CNNs were designed to map image data to an output variable.

They have proven so effective that they are the go-to method for any type of prediction problem involving image data as an input.
The benefit of using CNNs is their ability to develop an internal representation of a two-dimensional image. This allows the model to learn position and scale in variant structures in the data, which is important when working with images.
CNNs work well with data that has a spatial relationship.

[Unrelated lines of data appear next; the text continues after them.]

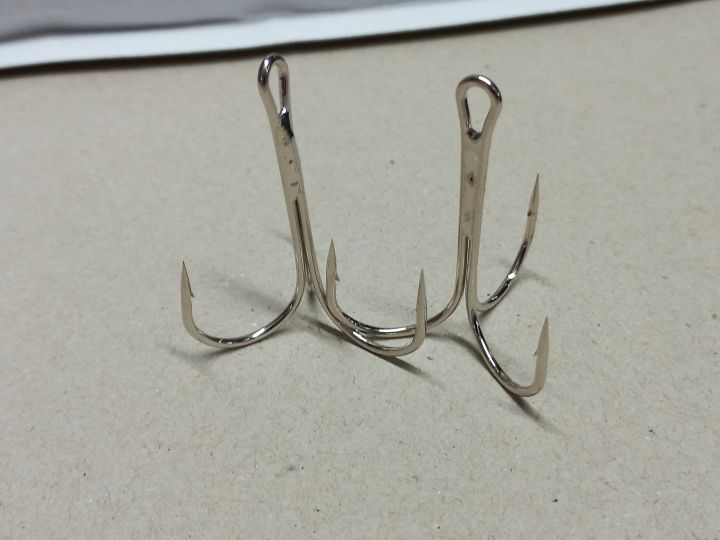 Triple%20Hook%20Carp%20Treble%20Fishing%20Hooks%20big%20size%20-%20Buy%202,%20Get%201%20FREE%20-%20Image%205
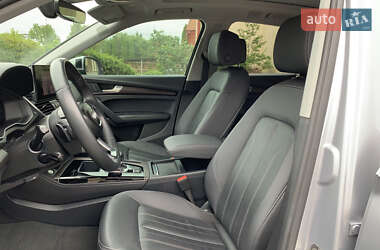 Внедорожник / Кроссовер Audi Q5 2021 в 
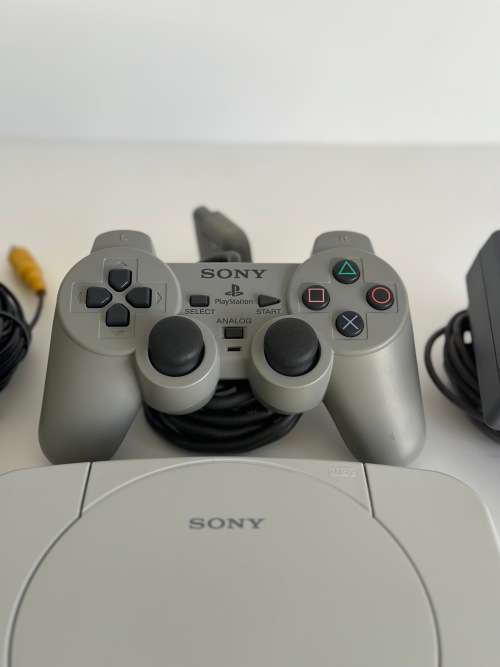 Sony Playstation 1 Slim Console With Official Controller & Generic Memory Card Great Condition!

The CNN input is traditionally two-dimensional, a field or matrix, but can also be changed to be one-dimensional, allowing it to develop an internal representation of a one-dimensional sequence.

This allows the CNN to be used more generally on other types of data that has a spatial relationship. For example, there is an order relationship between words in a document of text. There is an ordered relationship in the time steps of a time series.

Although not specifically developed for non-image data, CNNs achieve state-of-the-art results on problems such as document classification used in sentiment analysis and related problems.

###### 9) Explain what RNN problem is solved using LSTM and briefly describe how.
LSTM is basically considered to avoid the problem of vanishing gradient in RNN. 

Theoretically, the information in RNN is supposed to follow for arbitrary large sequence but in practice this doesn't hold up.

In a simple RNN with sigmoid or tanh neuron units, the later output nodes of the network are less sensitive to the input at time t = 1. This happens due to the vanishing gradient problem. (See the fading of the color in the figure above)

An LSTM allows the preservation of gradients. The memory cell remembers the first input as long as the forget gate is open and the input gate is closed.
The output gate provides finer control to switch the output layer on or off without altering the cell contents.